Expanding a wide table into a column (EAV pattern)


    There is an entity that is characterized by a huge and often variable number of parameters. The task of storing these entities and even so that the search can also be conducted preferably also with the construction of the index.

    I must say right away that I don’t know how this task is solved by reference, but it was necessary to solve it quickly, and therefore I thought about it and made the decision that I will talk about.

    The first one.
    The number of parameters is variable => we store different properties of the entity in a table of this kind:
    | (int) id | (enum: bool, int, float, string) prop_type | (varchar) prop_name |

    Now we consider the entity and try to distinguish the primary (most used in the search) and secondary properties of the entity, by the primary properties we create a table:
    | id | meta data - all primary entities |

    And how to store all those 10, 20, 300 secondary characteristics?

    Initially, I set the type separation because I thought that storing a number in a string and searching them was blasphemous, so we created 3 tables.
    int_properties, float_properties, string_properties,
    (int) object_id - external to the object table primary key
    (int) prop_id - external to the property table primary key
    value - the type corresponds to the table.
    I suppose you understand what I mean?
    So when I save the object, I get one record in the objects table and as many records in int_properties and float_properties and string_properties, how many properties of such an object I have, but no more than the number of lines in prop_description.
    Such data storage is called 3.5 normal form .
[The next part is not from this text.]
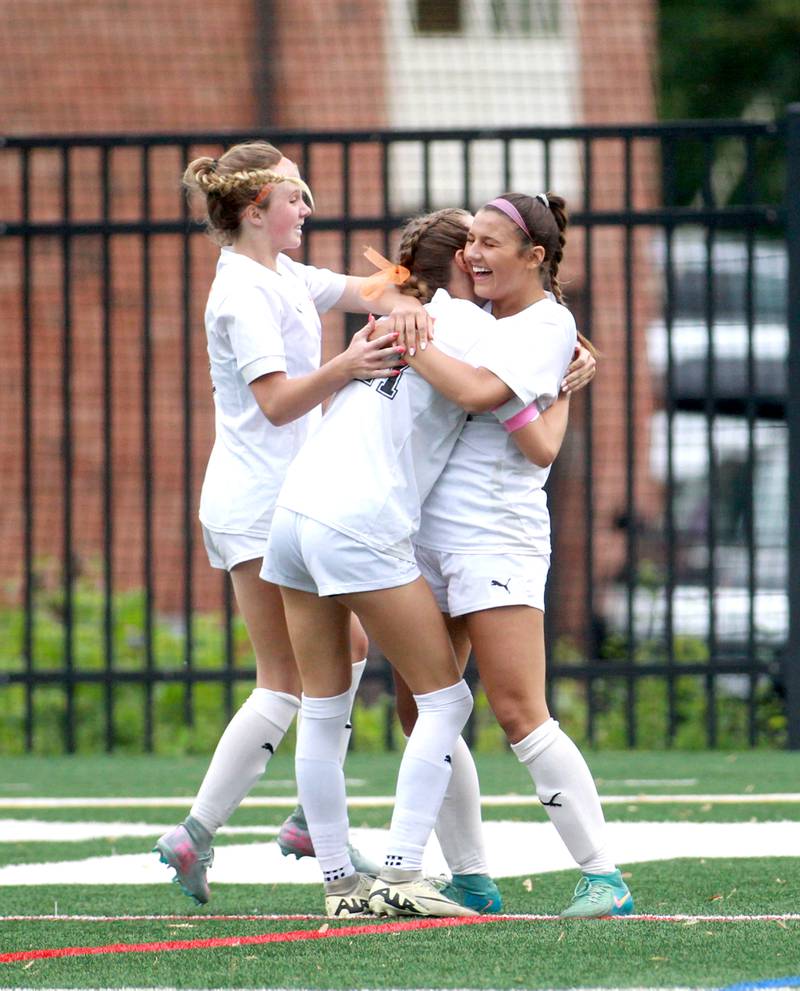 (Left to right) Wheaton Warrenville South's Kelsey Clousing, Ashlyn Adams and Lucy Jethani celebrate a goal during the Class 3A Glenbard West Sectional final against St. Charles North on Friday, May 30, 2025 in Glen Ellyn.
    I think the question of how to write your essence into such a representation you decide for yourself and there is no big problem: a cycle of data, table selection, recording.

    The search problem is much more interesting, it is clear that in order to find something in such a structure you need to somehow multiply the tables, the whole question is how? Not really that hard.
    I write further examples in PHP because its syntax is the most intuitive.
    We are writing a simple constructor of SQL queries:
    * положим у нас есть массив $prop_descr[$properties_name] = array('id'=>$prop_id, 'type'=>$prop_type)
    * как правило, это предположение может быть выполенно ибо таблица, описывающая свойства объектов мала и часто может быть закешированна
    $selectQuery=' FROM objects';
    foreach ($data as $properties_name=>$value){
       $selectToken[]=$tableName .'.`value` as '.$properties_name;
       // иногда тут нужно вставить LEFT
       $selectQuery .= 'INNER JOIN `'. $prop_type .'_properties` AS `'. $tableName .'`
           ON (`objects`.`id` = `'. $tableName .'`.`object_id`
           AND `' .$tableName. '`.`prop_id ` = '. $prop_id .')';
    $selectQuery = 'SELECT '.implode(', ', $selectToken).' '.$selectQuery;

    PS There are no deliberate checks in the code because they have nothing to do with logic!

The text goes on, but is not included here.